A small study has identified crizotinib as the culprit in reducing testosterone levels among men taking this drug as a treatment for anaplastic lymphoma kinase (ALK)-positive advanced non-small cell lung cancer (NSCLC).
Andrew J. Weickhardt, MBBS, DMedSc, of the University of Colorado Cancer Center in Aurora, and colleagues sought to document the differences in testosterone levels between crizotinib-treated and non-crizotinib-treated men with metastatic NSCLC. As the researchers reported in the journal Cancer, total testosterone levels were low (<241 ng/dL) in all 19 men receiving crizotinib, compared with only 6 of 19 men (32%) not being treated with this oral ALK-directed tyrosine kinase inhibitor.

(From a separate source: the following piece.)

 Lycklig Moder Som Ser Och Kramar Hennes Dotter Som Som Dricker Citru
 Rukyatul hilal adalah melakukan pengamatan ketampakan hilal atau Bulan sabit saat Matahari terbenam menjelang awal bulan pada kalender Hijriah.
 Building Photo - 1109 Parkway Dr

Only 1 in 5 patients who had ALK gene rearrangements and had not yet received crizotinib had low testosterone. Two patients who had previously had normal testosterone levels experienced rapid decreases in the hormone within 14 to 21 days of the initiation of crizotinib therapy. Luteinizing hormone and follicle-stimulating hormone levels also declined in those two men when crizotinib was administered. Discontinuation of the drug led to the restoration of normal testosterone levels.
Low testosterone can reduce bone density, muscle strength, and sex drive and increase fatigue and depression. Because men may stay on crizotinib for months or even years, the effects of low testosterone could be profound.